Sayın Aytepe, konserde ortak diller neler?

İki İtalyanca bir Türkçe eseri iki koro olarak birlikte söylüyoruz.

turkitalyankoro-jpeg.jpg

Sayın Bressan, Türkçe’nin müzikteki yansımasını nasıl buluyorsunuz? Koristleriniz zorlandı mı Türkçe söylemekte?

Türkçe zor bir dil. Latin alfabesi gereği evet harflarimiz ortak ancak bizde olmayan bir ‘ı‘harfinin söylenmesi bizim için zor mesela. Şarkıda geçen ‘kızın adı’ nı söylemek mesela zorluydu…

Aytepe: Bence İtalyan koristler çok kolayca adapte olabildiler dilimize. Müzikle uyumlu birşekilde doğruca söyleyebildiler.

Sayın Bressan, genç müzisyenler söz konusu olunca heyecanlanıyorum dediniz, bu konser provalarında Türk ve İtalyan genç koristleri gözlemleme şansınız oldu. İzlenimleriniz nasıl?

Şaşırtıcı bir şekilde hemen kaynaşan gençler gördüm. İlk kez yan yana geldiler ama bir de baktım ki çok doğal diyalog kuruyor; bu nasıl okunuyor, şu nedir gibi sanki yıllardır arkadaş gibi samimi şekilde konuşabiliyorlar. Ben bunu müziğin birleştirici gücüne bağlıyorum. Din, politik ve sosyal farklılıklara rağmen aynı yaş grubunda iki ulusun gençleri müziğin birleştiriciliğiyle hemen kaynaştılar. Bu çok güzel bir deneyim oldu. Biz koro olarak ayrıca kültürümüzü yansıtma, başka kültürlerle kültürümüzü, müziğimizi iletişime geçirme, aktarma misyonumuz olduğuna da inanıyoruz. Bunu da İstanbul’da Türk Gençlik Korosu ile çok güzel gerçekleştirdiğimize inanıyoruz.

Sayın Bressan bu iki koroyu, İtalya’da bir konserde de görebilecek miyiz?

F.M.Bressan: Biz İtalyan Ulusal Gençlik Korosu olarak bu yıl İtalya’da 6 farklı yerde 6 konser yapacağız. Ancak henüz Türk Gençlik Korosu ile İtalya’da organize edilmiş bir konserimiz yok. Ama artık tanıştık ve de çok iyi arkadaş olduk. Birlikte İtalya’da da konser vermeyi çok isteriz, Sadece biraz uğraşıp, organizasyon yapmamız gerekli.

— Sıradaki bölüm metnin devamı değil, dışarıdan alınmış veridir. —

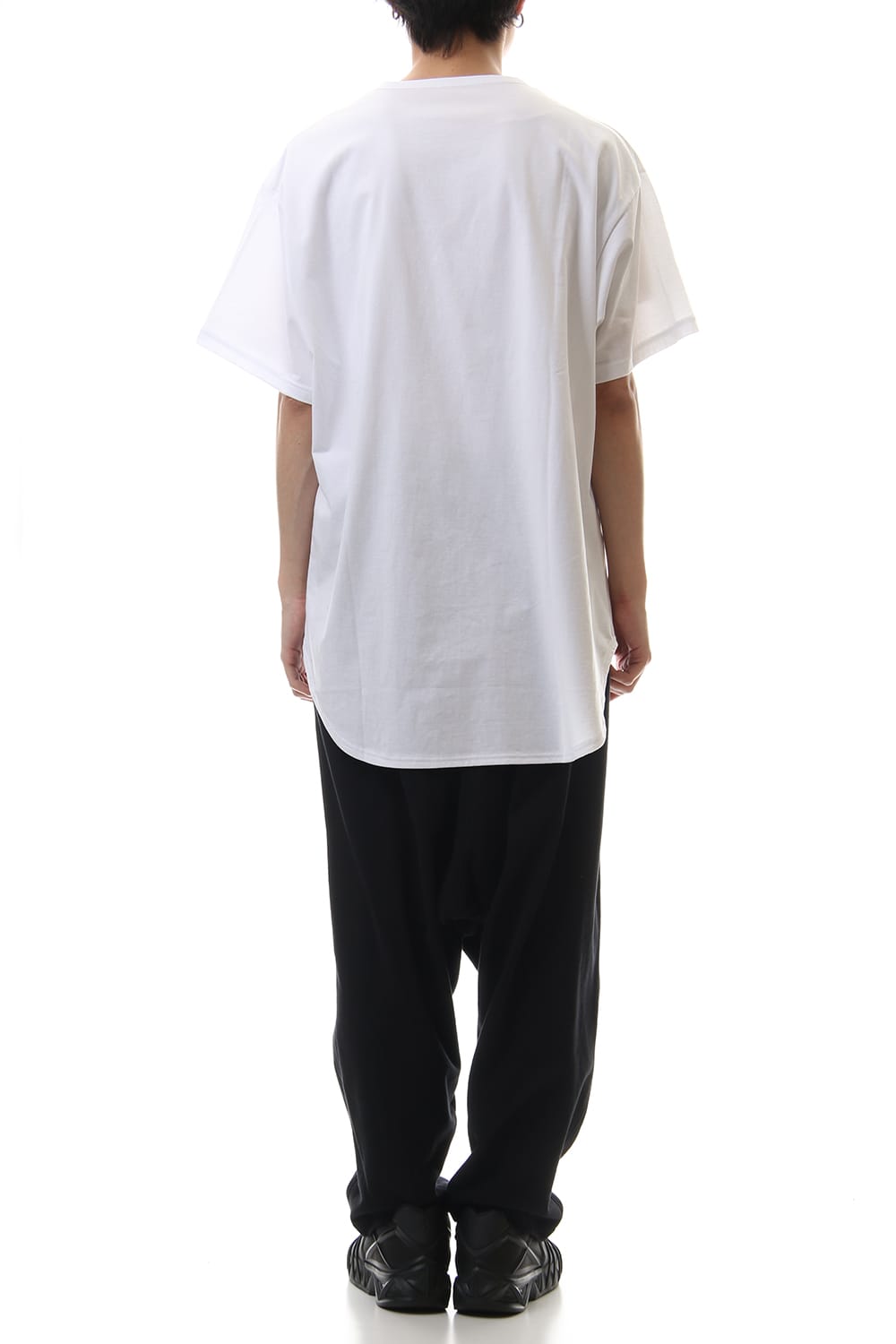 Round Short Sleeve Cut Sew White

Son olarak sayın Aytepe, konserin sonunda iki koronun ortak seslendirdiği eserlerden biri de Türk besteci Ulvi Erkin'in Feraye türküsüydü. İtalyan Koro üyelerinin bu eserdeki performansını nasıl buldunuz?

Ulvi Cemal Erkin'in Feraye türküsü, Ege bölgesi'neait, acı bir hikâye taşıyan biraz ağır bir türkü. Şimdi, iki koro bir araya gelip de böyle bir türküyü seslendirince oradaki atmosfer ve bu büyük topluluğun yarattığı etki bambaşka oldu. Ne yazık ki benzer acılar da tüm dünyada yaşandığı için, iki topluluk tek bir ruh hali ile oldukça derin bir icra gerçekleştirdi. Ayrıca İtalyan Gençlik Korosu’nun performansı da harikaydı.